Hal ini terbukti setelah Badan Pemeriksa Keuangan (BPK) melaporkan adanya potensi kerugian pendapatan daerah yang mencapai Rp682,6 juta akibat pengelolaan yang buruk dan tidak optimal.
Menurut Akhwil, perbedaan mencolok antara target dan realisasi pendapatan sangat jelas terlihat. Pada tahun 2023, target retribusi pelayanan pasar Kota Tangsel dipatok sebesar Rp3,82 miliar. Namun, yang tercapai hanya Rp1,39 miliar atau sekitar 36,54% dari target yang ditetapkan.
Angka ini menunjukkan adanya ketidakserasian antara perencanaan dan pelaksanaan, serta indikasi adanya kelemahan dalam mekanisme pemungutan retribusi yang patut dipertanyakan.
“Berdasarkan data yang ada, sangat jelas ada masalah dalam penetapan dan pemungutan retribusi. Jangan sampai masalah ini berlarut-larut, karena dampaknya bukan hanya pada pendapatan daerah, tetapi juga terhadap tingkat kepercayaan masyarakat terhadap pemerintah,” ujar Akhwil dengan tegas, Kamis (26/12/2024).

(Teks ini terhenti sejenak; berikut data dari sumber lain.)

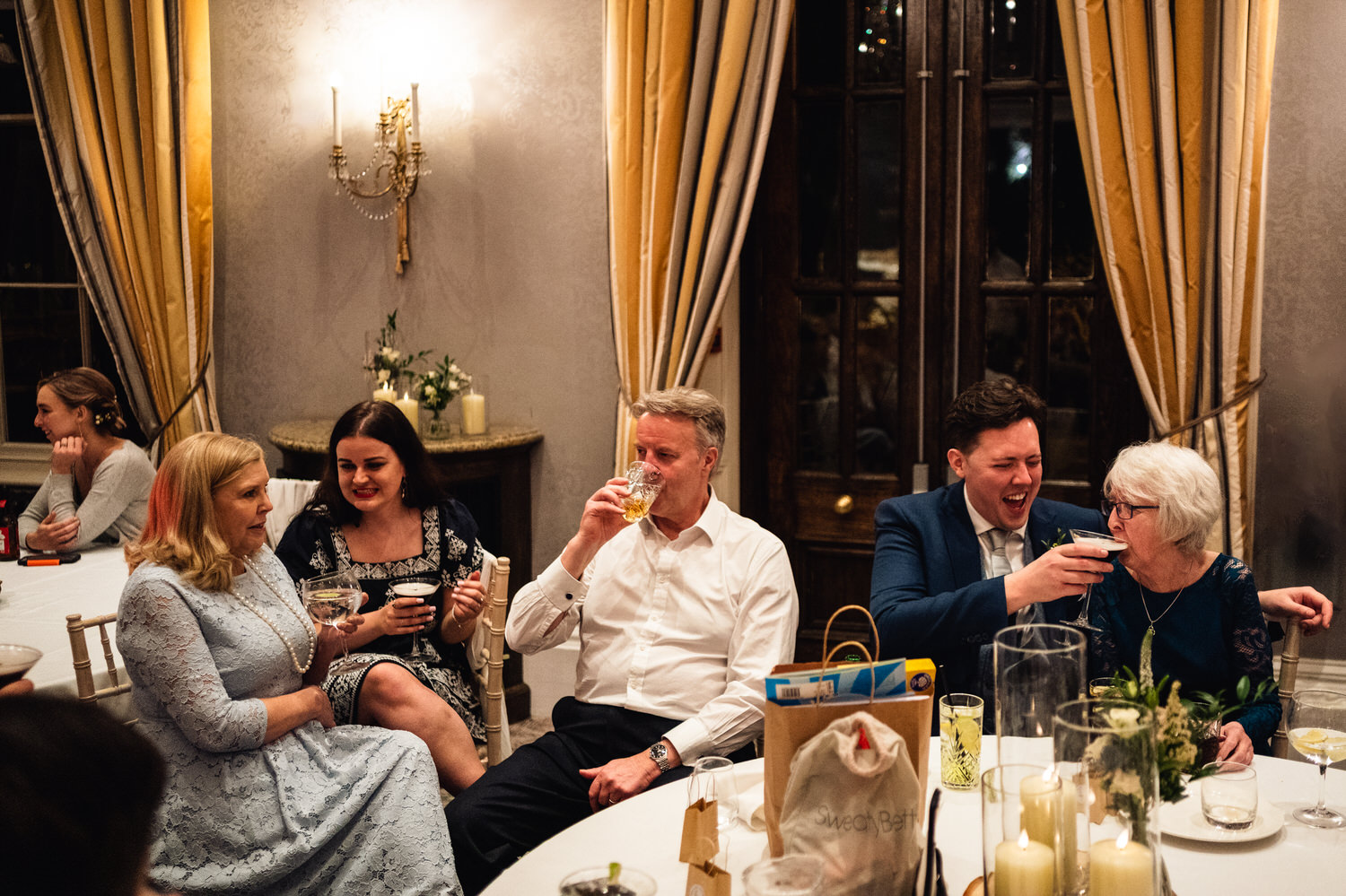 Best wedding Photography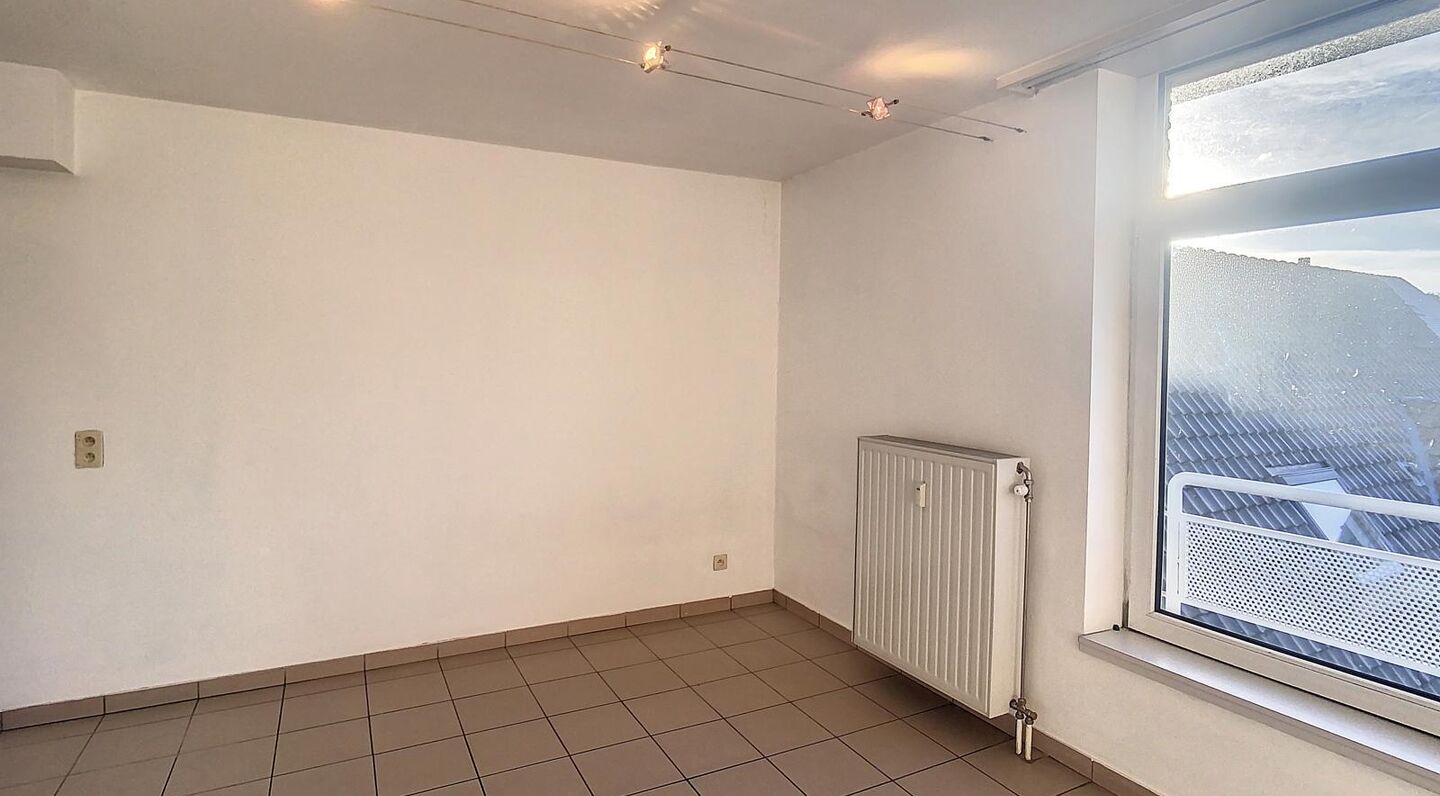 Duplex te huur in Zaventem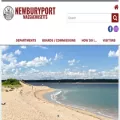 cityofnewburyport.com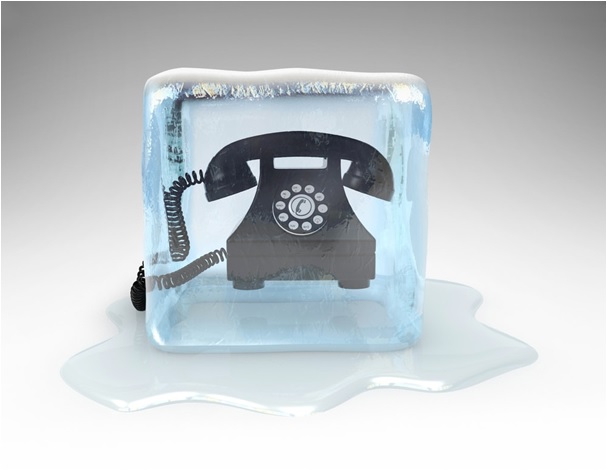 Prospeccao-e-cold-call-televendas-cobranca-2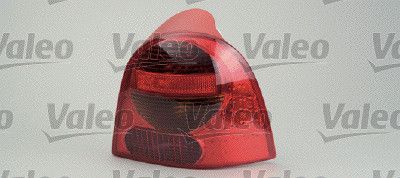 VALEO Luce posteriore 088926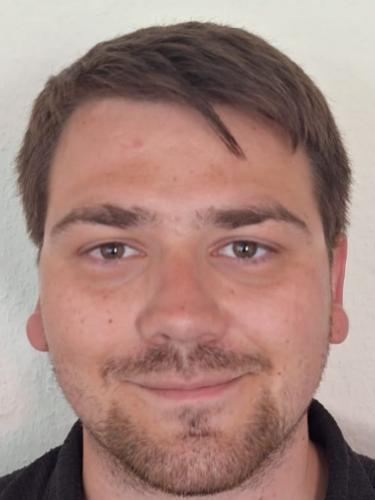 Marc Schmidt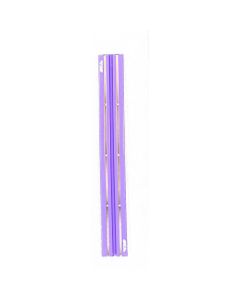 VIM Tools 8 Inch Purple Magrail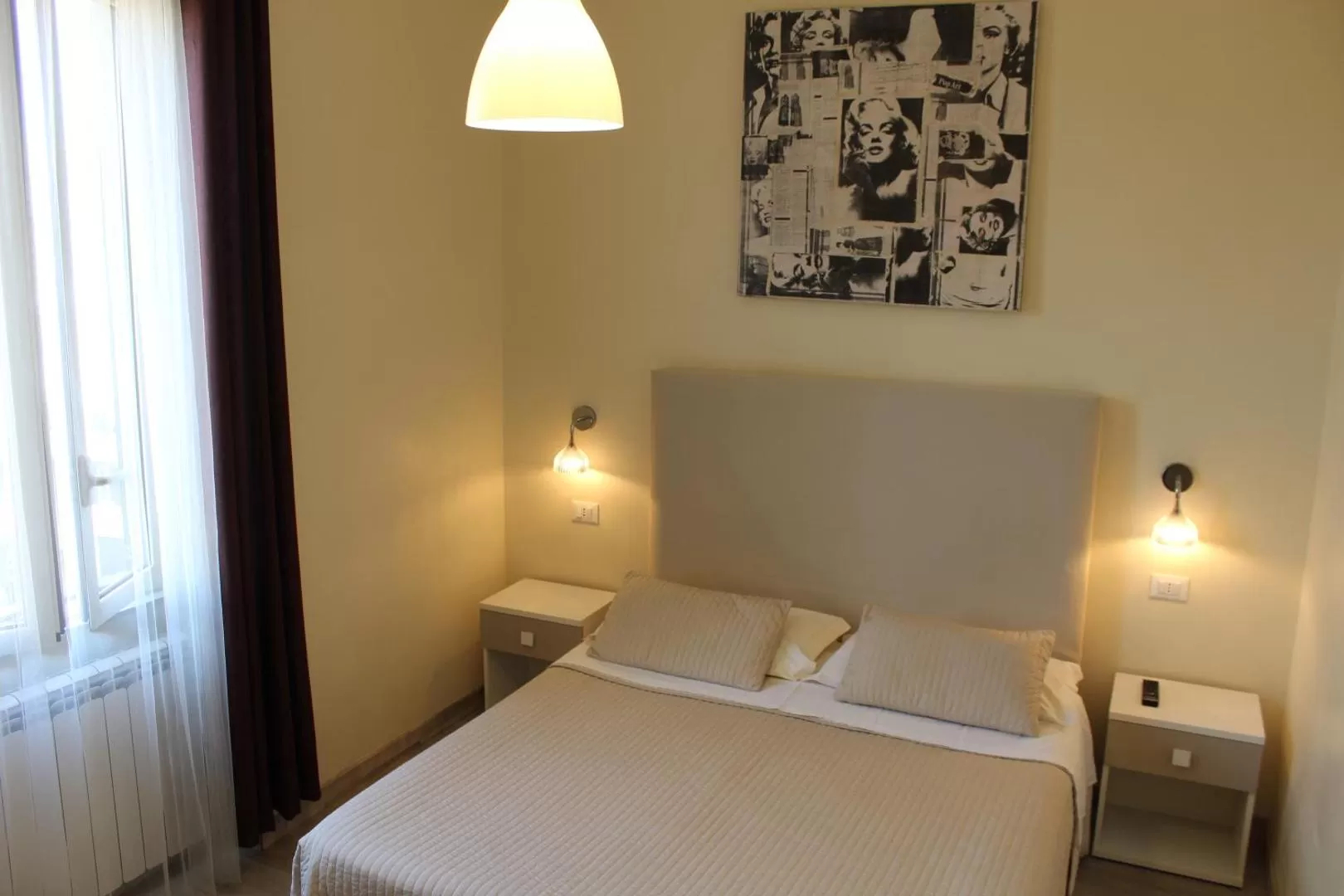 Home 57 Relais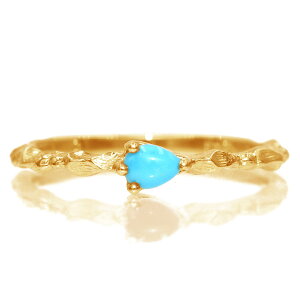 y|Cg10{z ^[RCY yAVFCv El J[fBX Ouhbvv 119Ή PT900 K18 K10Ή@PT,K18͂㕾ЂŋIɋLڂ̂zZA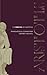 The Poetics of Aristotle: Translation and Commentary by 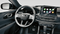 2027 Jeep Compass COMPASS LIMITED ALTITUDE 4X4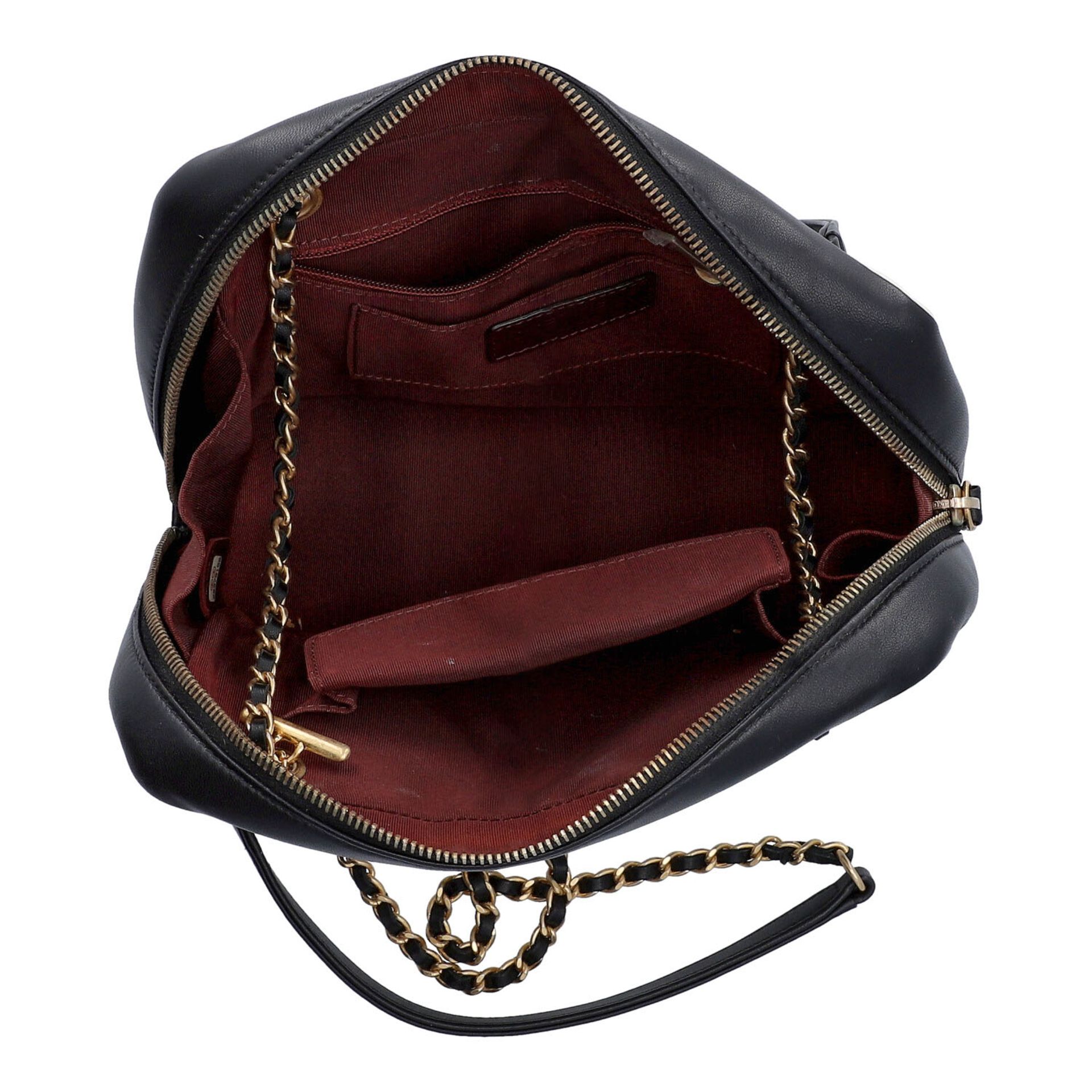 CHANEL Schultertasche, Koll.: 2014-2015. - Bild 6 aus 8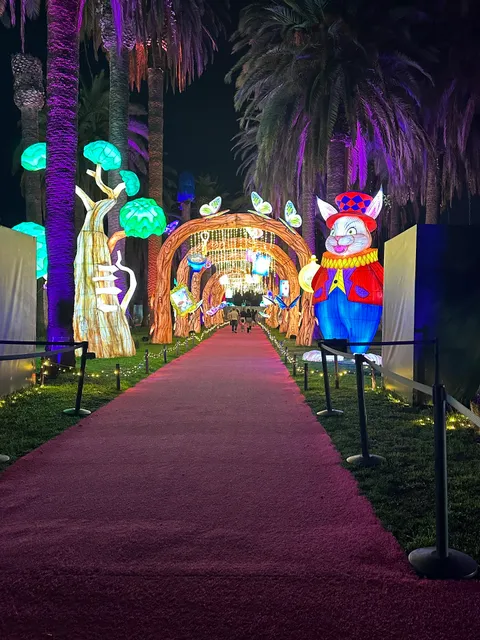 Partenope Guest House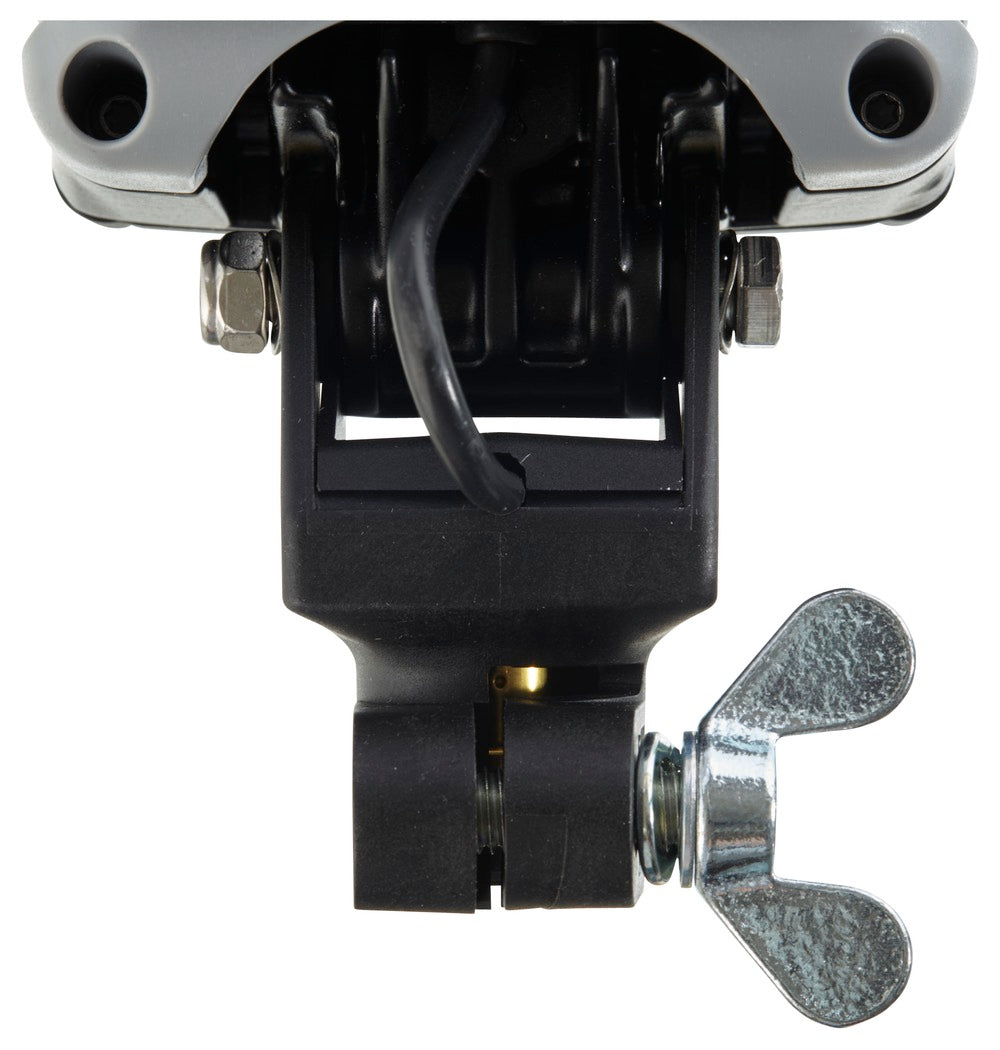 HELLA LED-Worklight - Power Beam 3000 - 12/24V 1GA996192-051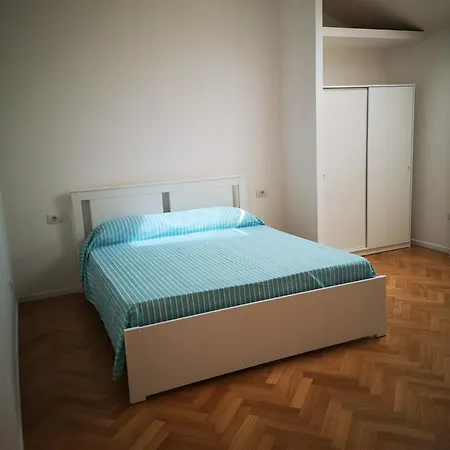 House Fabrizi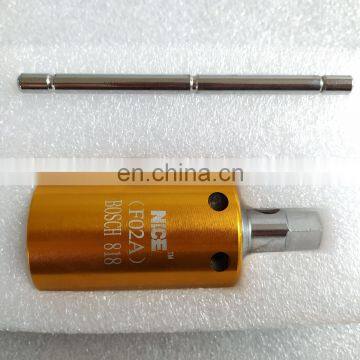 NO,026(2) Special Puller (for *OSCH 818 Valve) photo-5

BPK juga menemukan beberapa temuan yang mencoreng transparansi dan akuntabilitas pengelolaan pasar. Salah satunya adalah belum ditetapkannya Surat Ketetapan Retribusi Daerah (SKRD) bagi sejumlah pedagang, yang berpotensi menimbulkan hilangnya pendapatan daerah.
Pada praktiknya, UPTD Pengelola Pasar hanya menerbitkan SKRD untuk pedagang yang sudah membayar, dengan alasan untuk menghindari pengakuan piutang atas pedagang yang tidak melunasi kewajiban mereka.
Padahal, dalam Peraturan Daerah Kota Tangerang Selatan Nomor 4 Tahun 2021, jelas dinyatakan bahwa SKRD harus diterbitkan untuk semua retribusi yang terutang, tanpa terkecuali. Ini berarti pengelolaan retribusi pasar di Tangsel tidak hanya cacat dari sisi operasional, tetapi juga berpotensi melanggar ketentuan hukum yang berlaku.
Akhwil menegaskan bahwa pembinaan dan pengawasan yang lebih ketat terhadap pengelolaan pasar di Tangsel harus segera dilakukan. Pemerintah daerah diharapkan tidak hanya berfokus pada pencapaian target pendapatan, tetapi juga memastikan bahwa proses pemungutan retribusi sesuai dengan peraturan dan transparansi tetap terjaga.
Sebagai langkah perbaikan, Akhwil mengusulkan agar Pemerintah Kota Tangerang Selatan segera menagih pedagang yang menunggak retribusi. Meski demikian, ia menekankan perlunya pengawasan yang lebih intensif agar proses ini berjalan dengan benar dan tidak justru menciptakan potensi masalah baru.
“Jika pengelolaan retribusi pasar dapat diperbaiki dengan baik, bukan hanya pendapatan asli daerah yang akan meningkat, tetapi kepercayaan masyarakat terhadap pemerintah juga akan semakin kuat,” tutup Akhwil.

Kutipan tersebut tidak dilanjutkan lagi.